● TASK:
Transcribe, exactly and without pictures, the lines below from the line with "Cute Pink Strawberry" to the line with "ELDE - KOREAN", both ends included, and no others.

● EXCERPTED RECORDS:
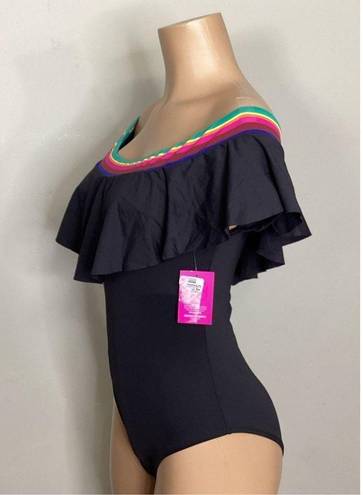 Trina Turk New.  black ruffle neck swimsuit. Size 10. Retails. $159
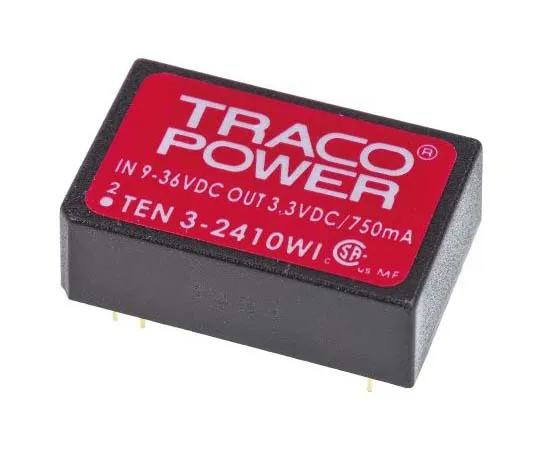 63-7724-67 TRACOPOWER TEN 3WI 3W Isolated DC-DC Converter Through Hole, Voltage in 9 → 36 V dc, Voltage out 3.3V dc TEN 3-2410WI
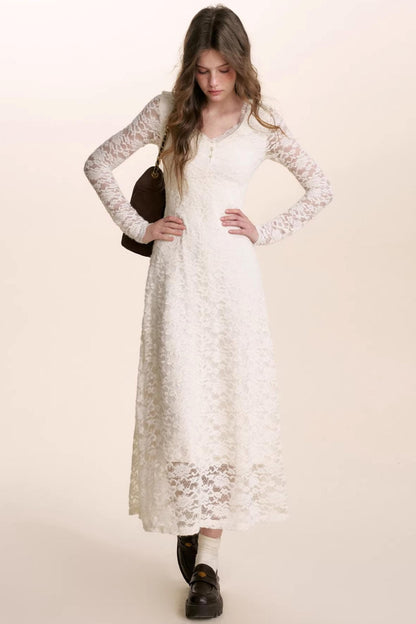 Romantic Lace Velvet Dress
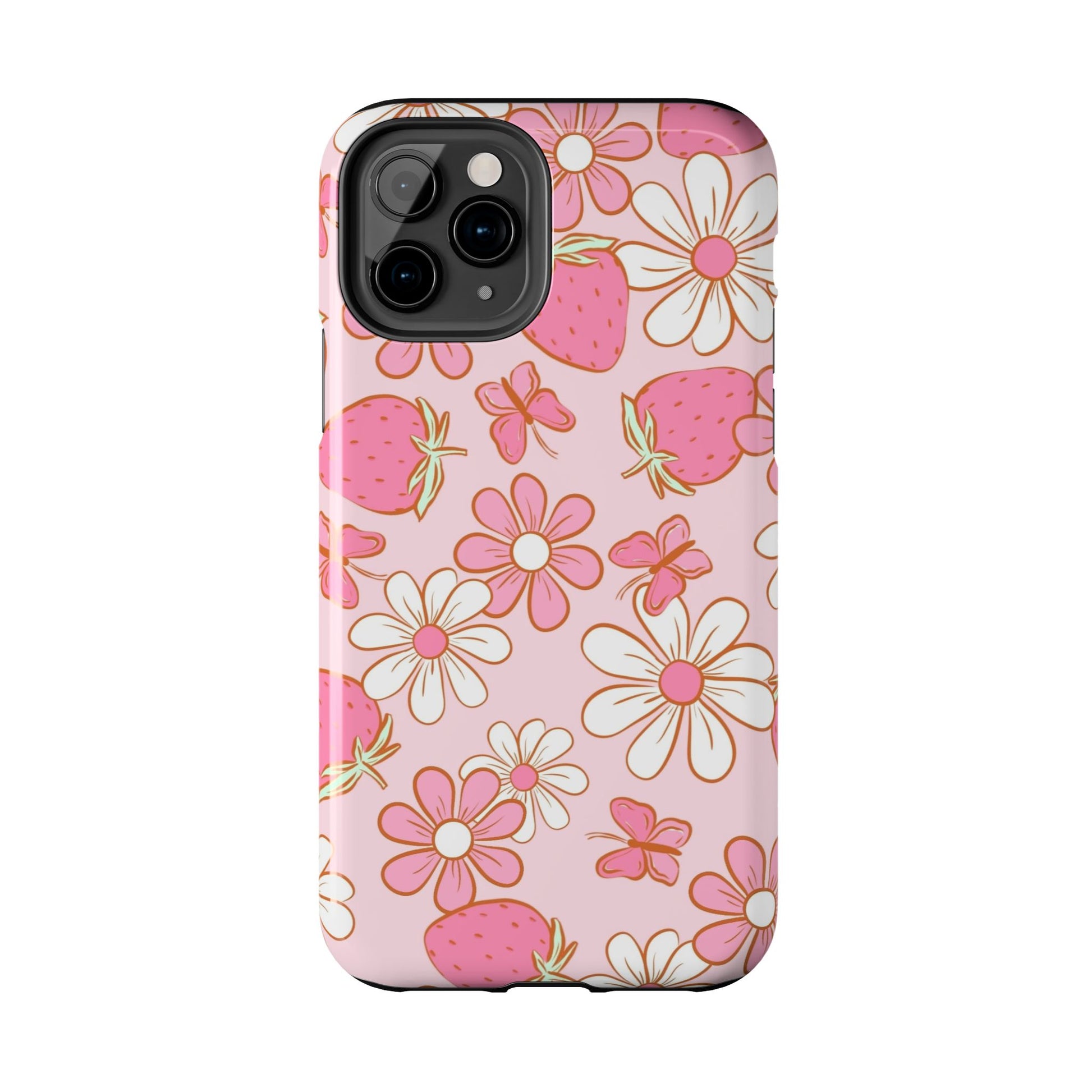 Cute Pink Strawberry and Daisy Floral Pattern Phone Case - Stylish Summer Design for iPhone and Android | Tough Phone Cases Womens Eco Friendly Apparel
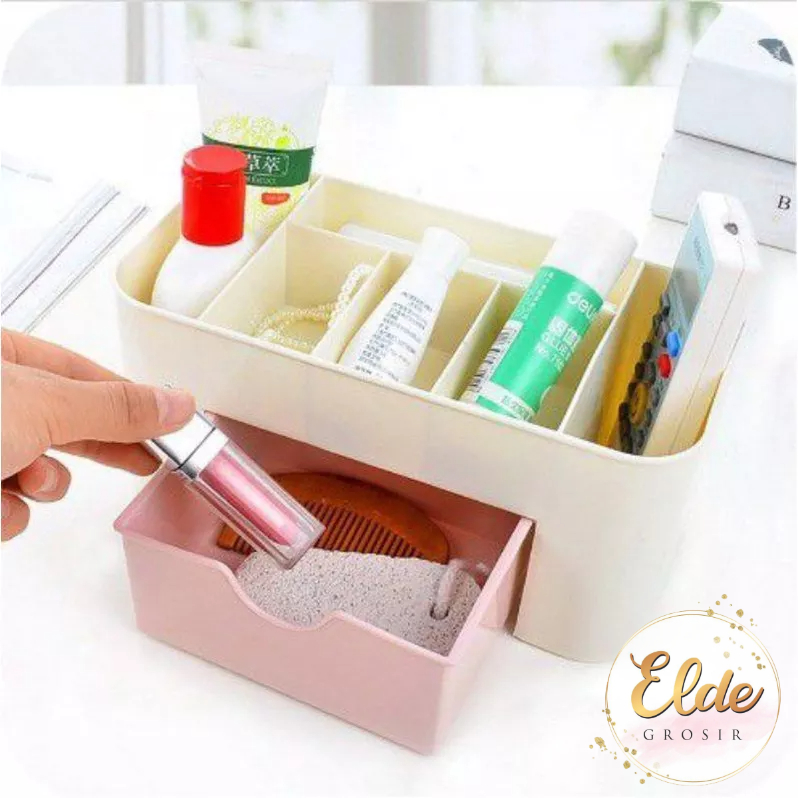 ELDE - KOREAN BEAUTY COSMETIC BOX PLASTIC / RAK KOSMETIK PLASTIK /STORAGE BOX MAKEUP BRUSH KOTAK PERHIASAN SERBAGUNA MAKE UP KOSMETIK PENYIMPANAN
--
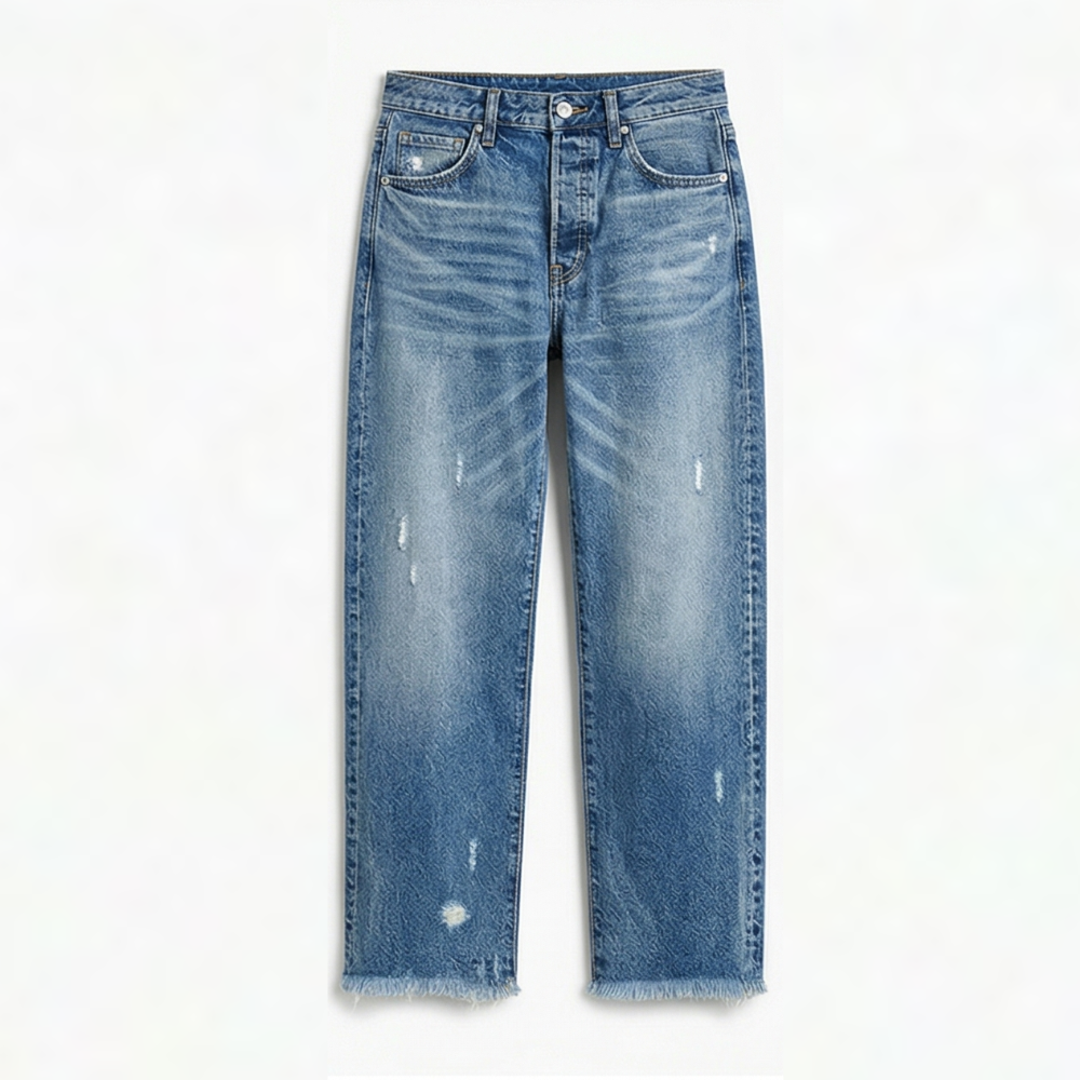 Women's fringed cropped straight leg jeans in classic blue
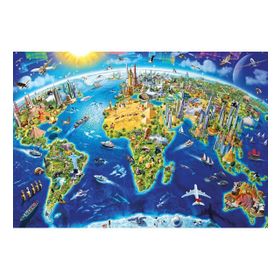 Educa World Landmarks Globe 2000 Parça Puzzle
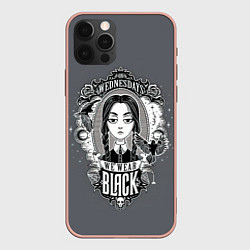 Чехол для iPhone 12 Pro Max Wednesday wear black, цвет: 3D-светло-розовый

● TASK RESULT:
 Cute Pink Strawberry and Daisy Floral Pattern Phone Case - Stylish Summer Design for iPhone and Android | Tough Phone Cases Womens Eco Friendly Apparel
 ELDE - KOREAN BEAUTY COSMETIC BOX PLASTIC / RAK KOSMETIK PLASTIK /STORAGE BOX MAKEUP BRUSH KOTAK PERHIASAN SERBAGUNA MAKE UP KOSMETIK PENYIMPANAN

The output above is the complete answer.